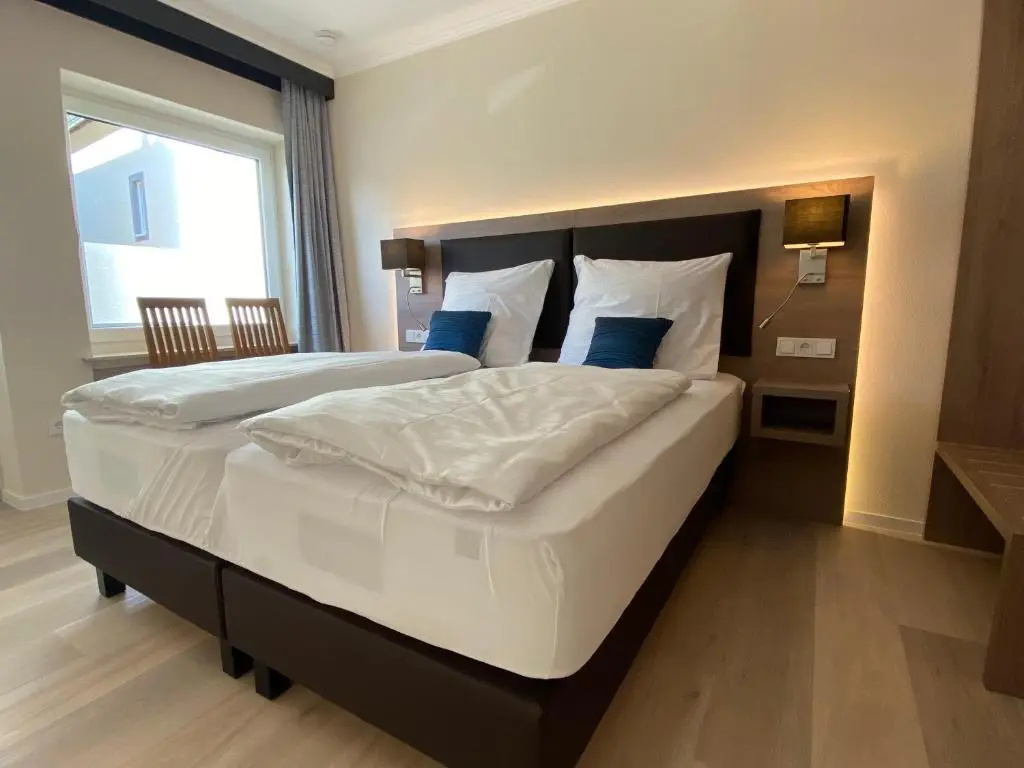 Superior Double room (full double bed)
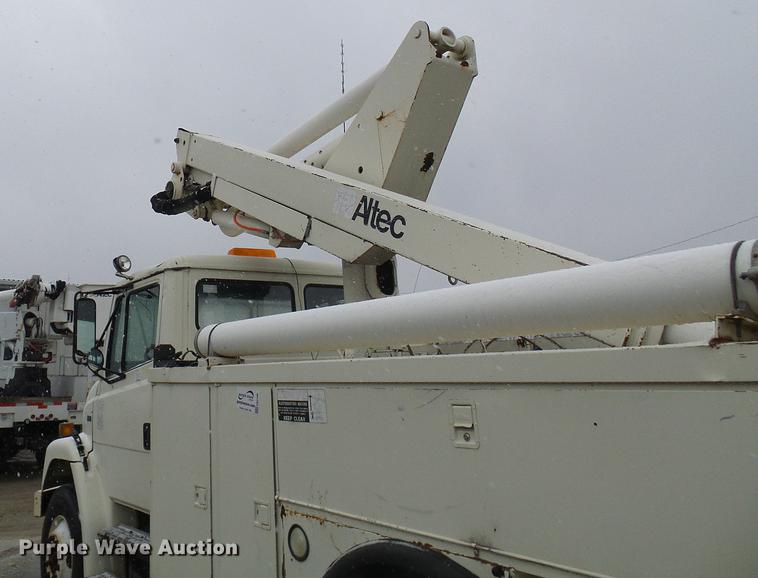 image for item DB2106 1998 Freightliner FL60 bucket truck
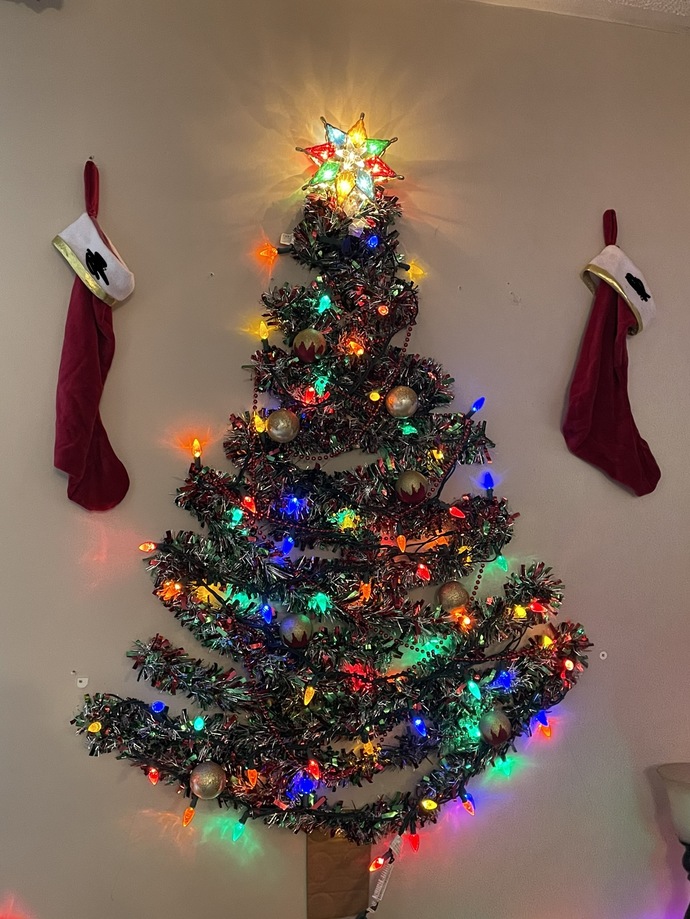 This year’s solution to Pet’s Who Destroy Christmas Trees.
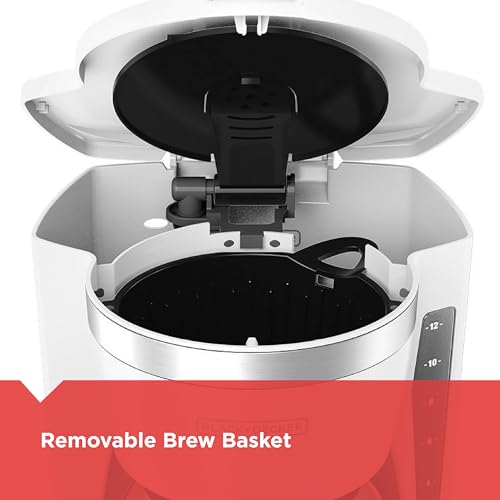Water reservoir window on coffee machine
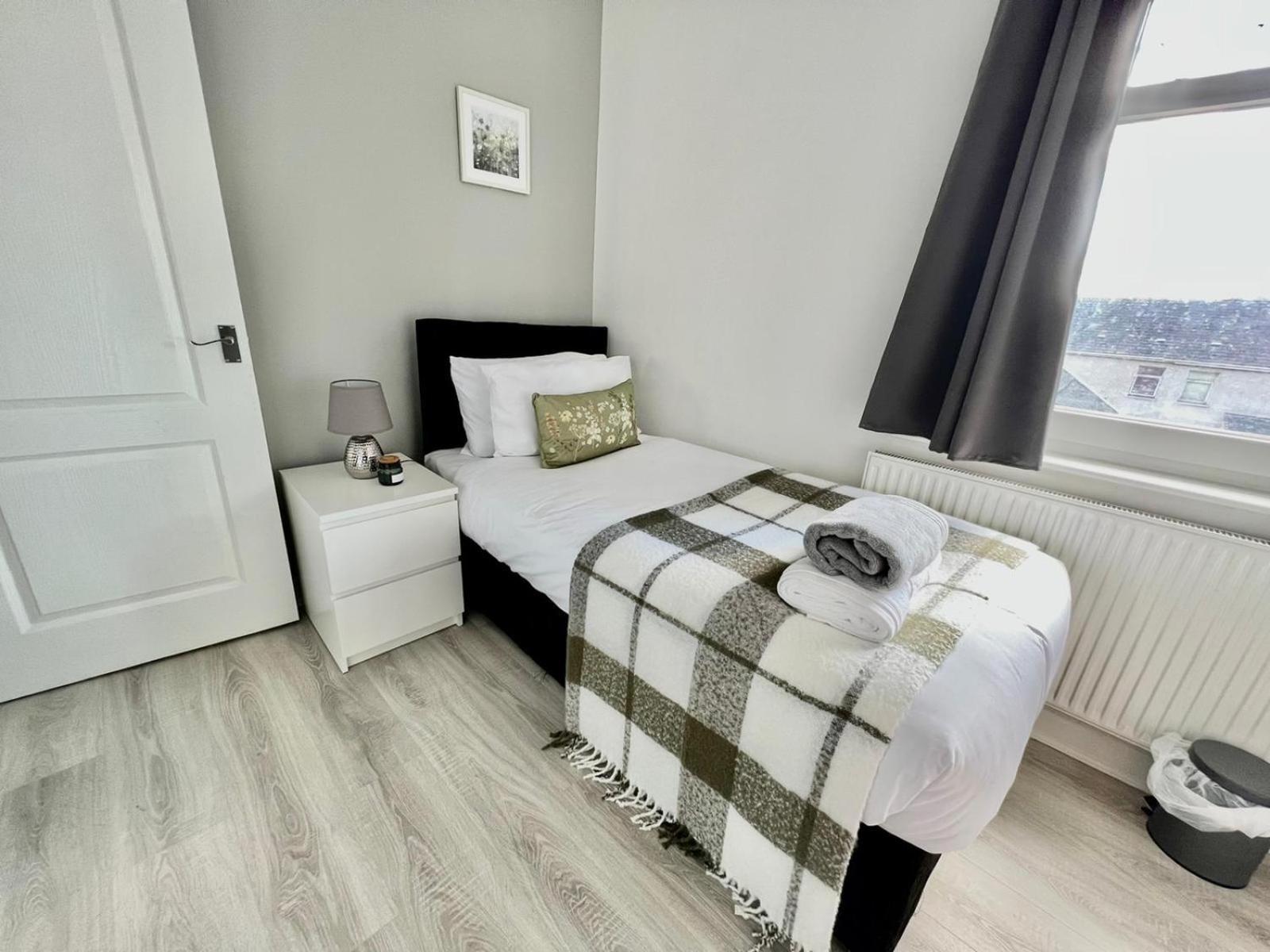 Executive 3 Bedroom Port Talbot Town Centre Margam Sleeps 7 Εξωτερικό φωτογραφία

Exercise aim: All that should appear in the response is the run of lines from the one with "image for item" through the final line of the records, restated exactly, with pictures omitted.

Result of the exercise:
 image for item DB2106 1998 Freightliner FL60 bucket truck
 This year’s solution to Pet’s Who Destroy Christmas Trees.
Water reservoir window on coffee machine
 Executive 3 Bedroom Port Talbot Town Centre Margam Sleeps 7 Εξωτερικό φωτογραφία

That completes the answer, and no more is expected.